:: Collected data ::
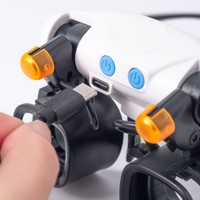 Head-mounted LED Light USB Rechargeable Magnifying Glass Lens Watch Mechanical Electronics Repair Jewelry Appraisal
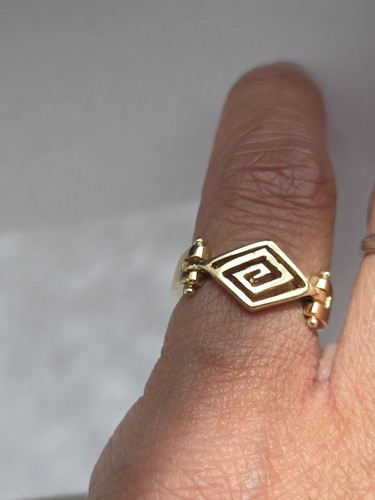 14k gold greek ring 585 - gold,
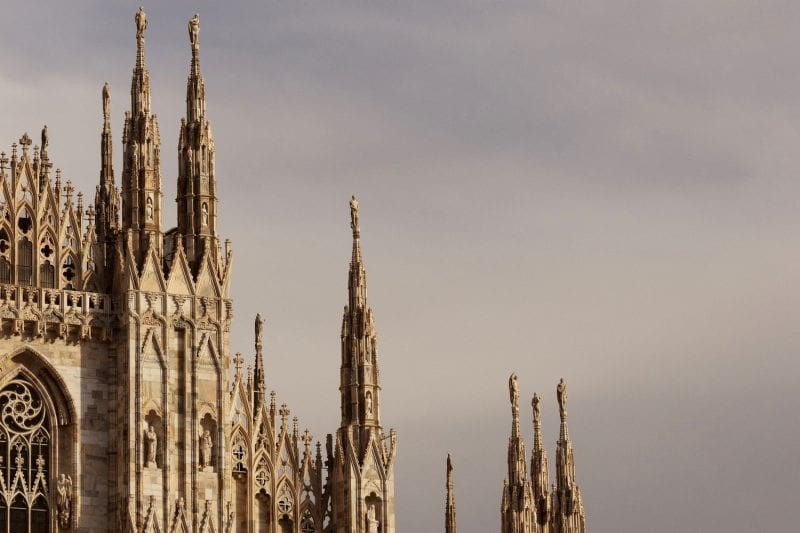 The Duomo di Milano photographed by Scott Schuman,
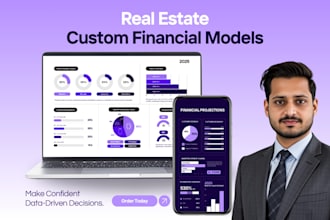 create custom real estate financial model, proforma and pitch deck
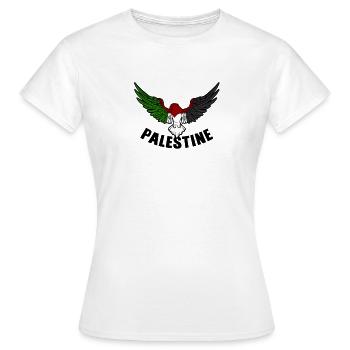 Free Gaza Liberté de Palestine libre pour la Palestine - T-shirt Femme - blanc - Devant - AI Model Female 172 dark (172cm)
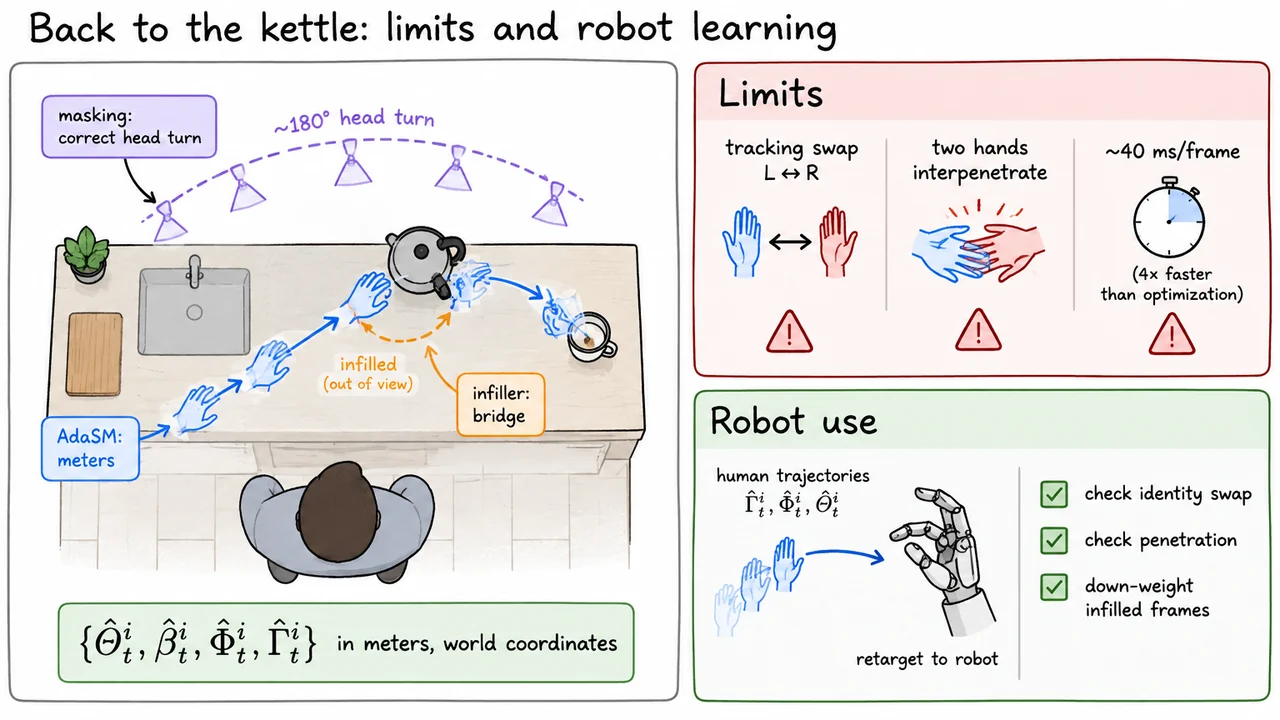 Back to the kettle: limits and robot learning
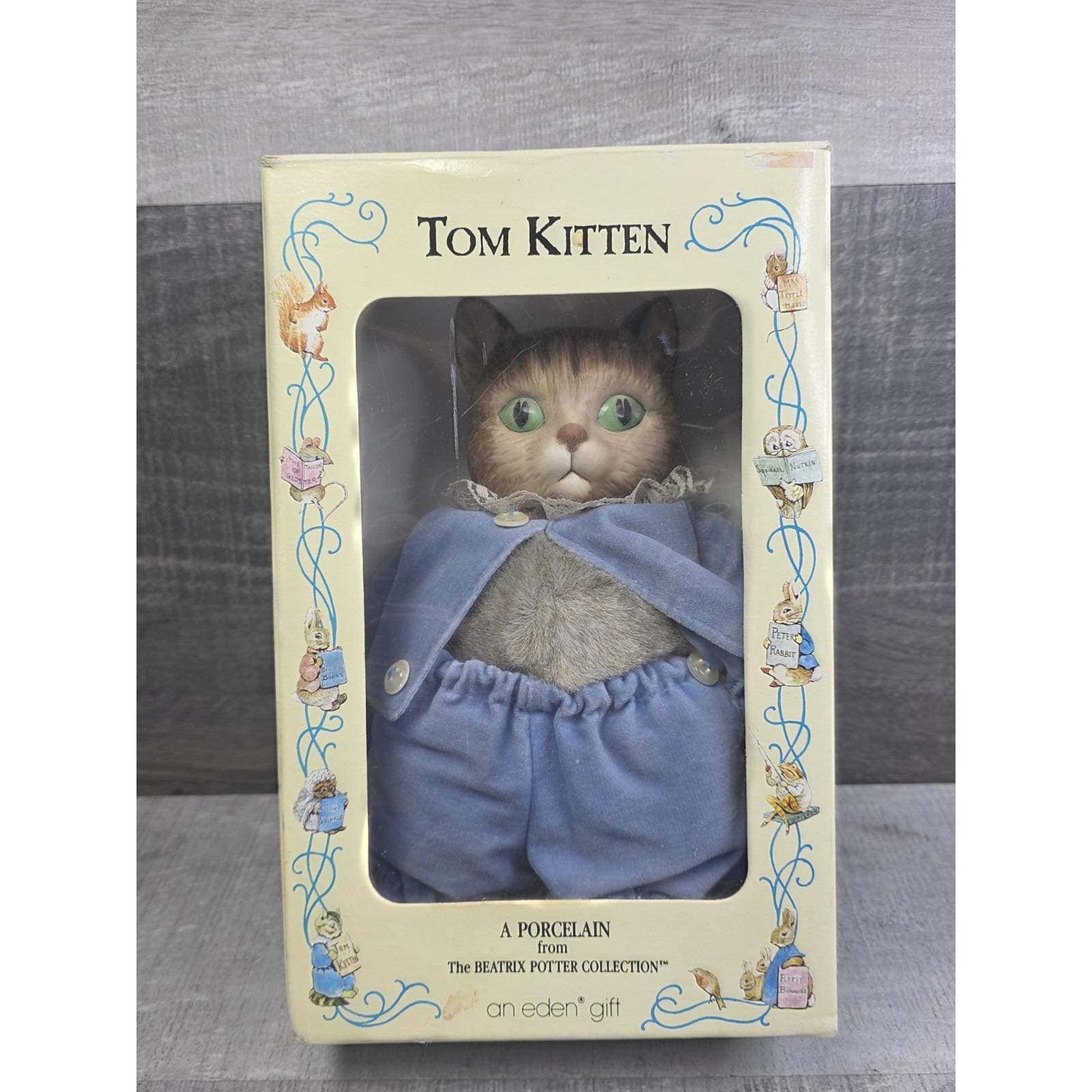 1987 Eden Toys Beatrix Potter Collection Tom Kitten Porcelain Head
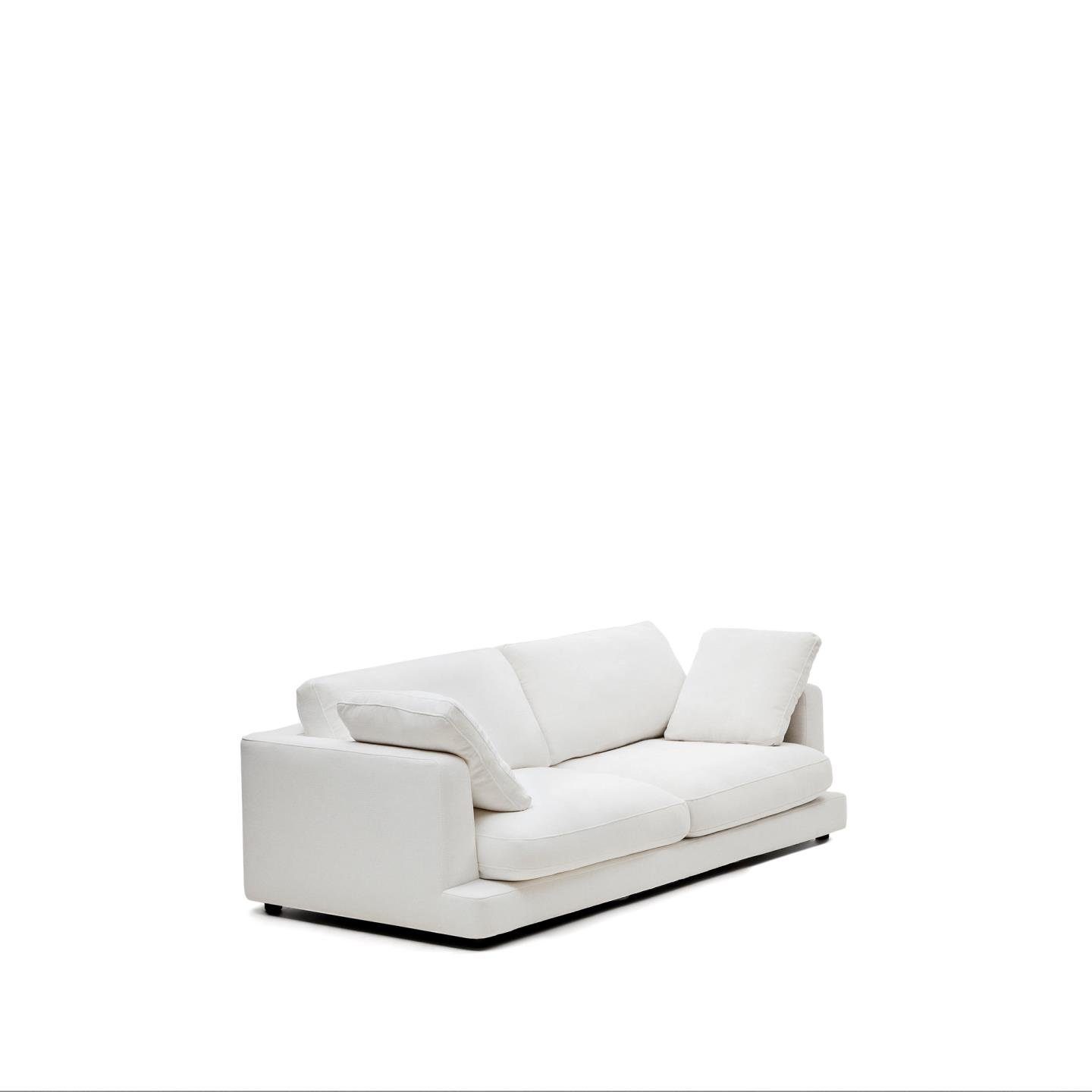 x 87 cm 3-Sitzer Gala Natur24 Weiß Sofa Sofa 210 105 x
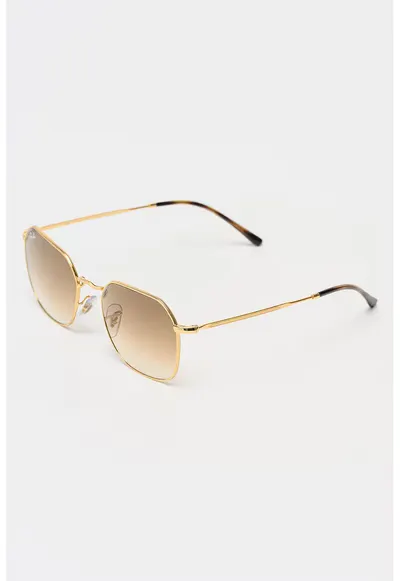 Ochelari de soare unisex cu lentile in degrade - Auriu/Negru
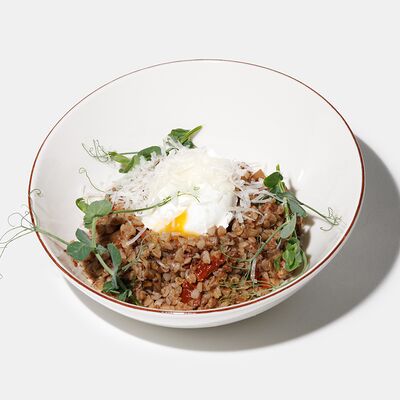 Гречневая каша с белыми грибами в Эхо по цене 750 ₽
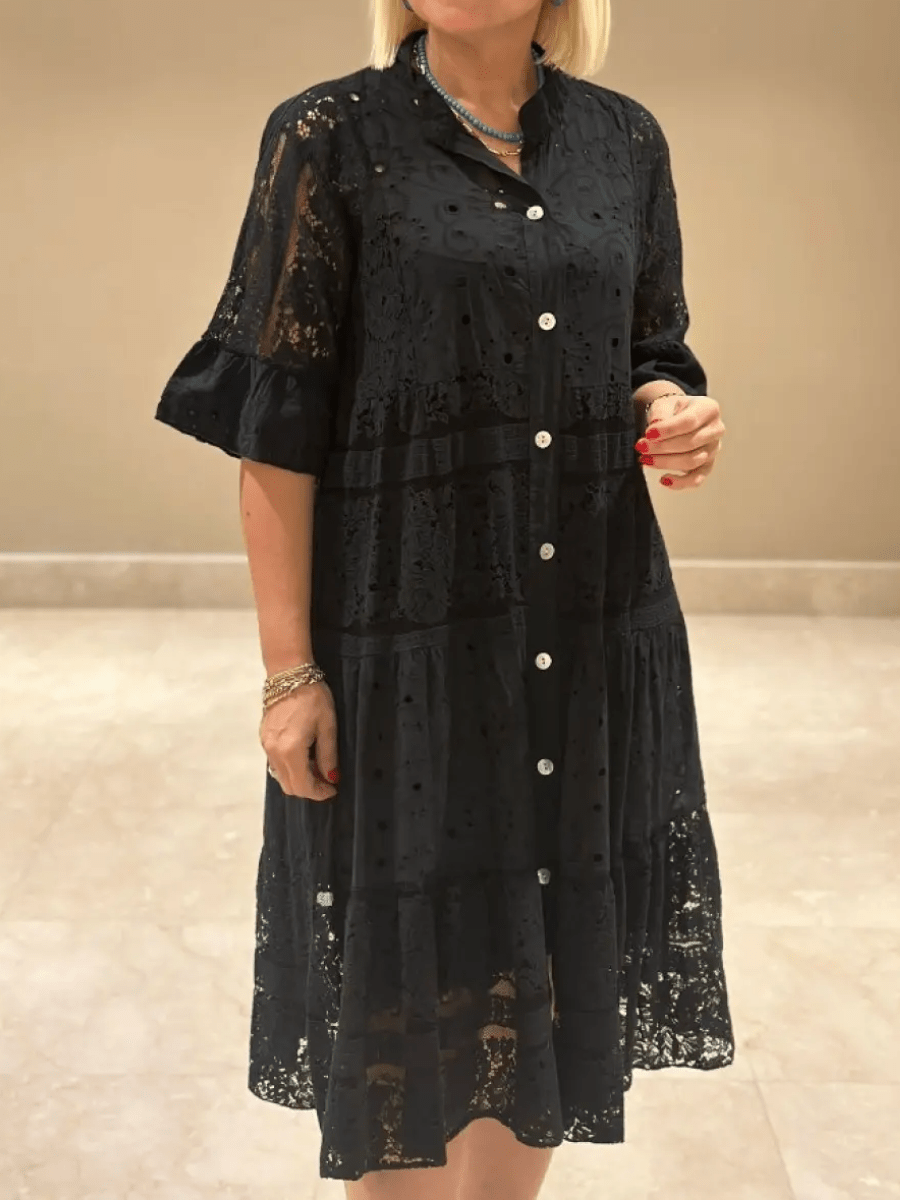 Cherylann™ | Blomstret Midi Kjole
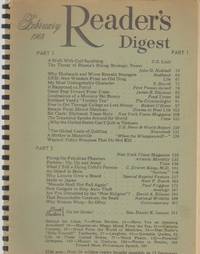 READER'S DIGEST MAGAZINE February 1968 Enlarged Type Edition Part 1 Vol.  02, No. 550.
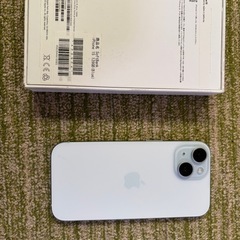 iPhone 15 128G ブルーの画像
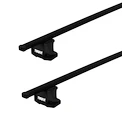 Dachträger Thule mit SquareBar Renault Clio (Mk III) 5-T Hatchback Befestigungspunkte 05-14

:: How to complete this task ::
Restate the records word for word, omitting images.

:: Answer to this problem ::
 Head-mounted LED Light USB Rechargeable Magnifying Glass Lens Watch Mechanical Electronics Repair Jewelry Appraisal
 14k gold greek ring 585 - gold,
 The Duomo di Milano photographed by Scott Schuman,
 create custom real estate financial model, proforma and pitch deck
 Free Gaza Liberté de Palestine libre pour la Palestine - T-shirt Femme - blanc - Devant - AI Model Female 172 dark (172cm)
 Back to the kettle: limits and robot learning
 1987 Eden Toys Beatrix Potter Collection Tom Kitten Porcelain Head
 x 87 cm 3-Sitzer Gala Natur24 Weiß Sofa Sofa 210 105 x
 Ochelari de soare unisex cu lentile in degrade - Auriu/Negru
 Гречневая каша с белыми грибами в Эхо по цене 750 ₽
 Cherylann™ | Blomstret Midi Kjole
 READER'S DIGEST MAGAZINE February 1968 Enlarged Type Edition Part 1 Vol.  02, No. 550.
 iPhone 15 128G ブルーの画像
 Dachträger Thule mit SquareBar Renault Clio (Mk III) 5-T Hatchback Befestigungspunkte 05-14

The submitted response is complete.